De repente vai direto ao carro, destrava-o e empurra-o pela ribanceira abaixo. Nós nem queríamos acreditar. Saímos disparados e conseguimos evitar que fosse pela ribanceira abaixo."

Conte-me.
Nós chegámos a uma casa abandonada mas desconhecíamos que vivia lá um sem-abrigo. Chegámos, o sem-abrigo não estava lá e nós começámos a fotografar, descansados. De repente começámos a vê-lo aproximar-se da casa. Tínhamos o carro alugado parado em frente à casa, e vêmo-lo a aproximar-se, a aproximar-se.

Foi na direção do carro?
Sim. De repente vai direto ao carro, destrava-o e empurra-o pela ribanceira abaixo. Nós nem queríamos acreditar. Saímos disparados e conseguimos evitar que fosse pela ribanceira abaixo. Ficámos furiosos, fomos logo direitos a ele. Não partimos para a violência obviamente, mas dissemos-lhe: "Mas você é maluco?". Percebemos que ele era um sem-abrigo, mal sabia falar. Só dizia: "My home, my home". Foi uma situação desagradável, porque de facto podíamos ter ficado sem o carro.

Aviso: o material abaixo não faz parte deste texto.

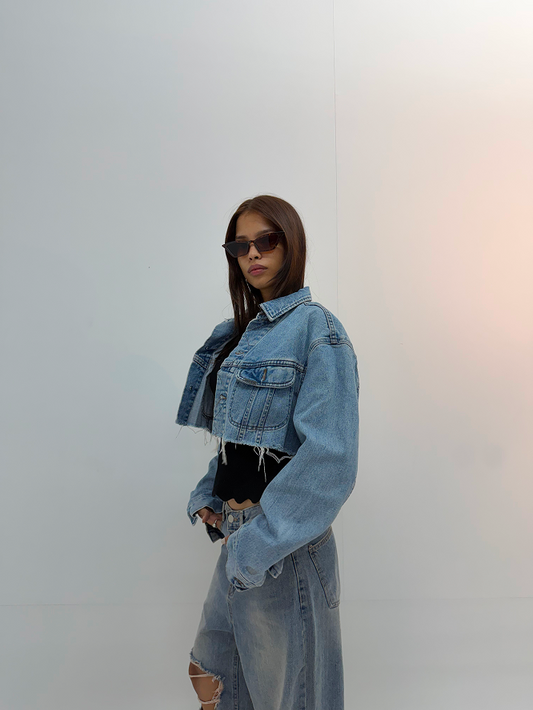 Vintage Cropped Raw Hem Denim Jacket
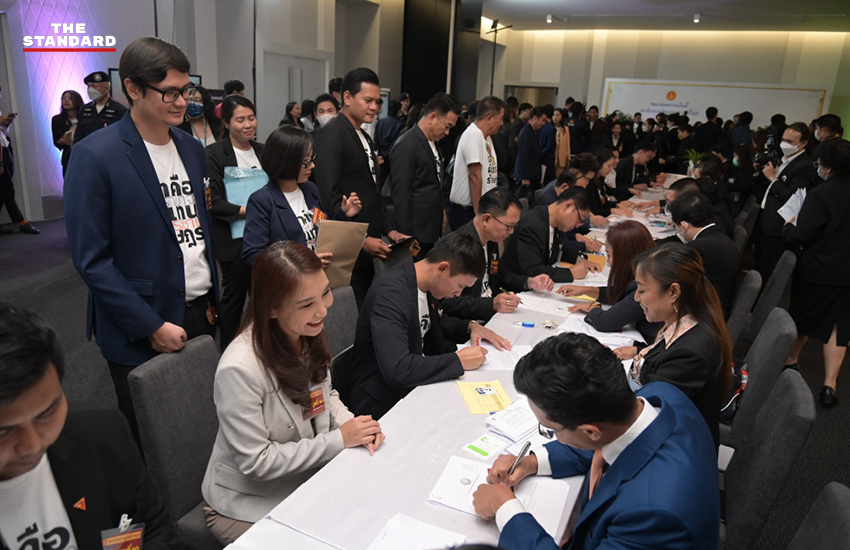 วันจันทร์ก็จะได้เห็นบรรยากาศแบบนี้ รอบนี้จะมากับเสื้อแบบไหน 😎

Qual é a história mais engraçada por que passou?
Uma casa em Sintra. Foi possivelmente a história mais caricata. Estava com os meus amigos e, a passar de carro, vimos uma moradia dos anos 40 ou 50 completamente degradada. O terreno sem tratamento, as paredes com a tinta a cair. Era o típico abandonado, estávamos completamente convencidos disso. Entrámos pelo portão que estava aberto e chegámos à porta, que também estava encostada. Pensámos: "Olha que maravilha, está aqui uma casa abandonada." Surpresa das surpresas, entrámos na casa e estava lá sentado um senhor sentado a ver televisão.

O senhor viu-vos?
Sim, ficou surpreendido com a nossa presença. Eu disse: "Desculpe lá, enganámo-nos na casa". Ele ficou a olhar para nós sem dizer nada e nós fomo-nos embora. Acho que foi o episódio mais caricato que tive a fotografar abandonados. Passámos a tarde a rir.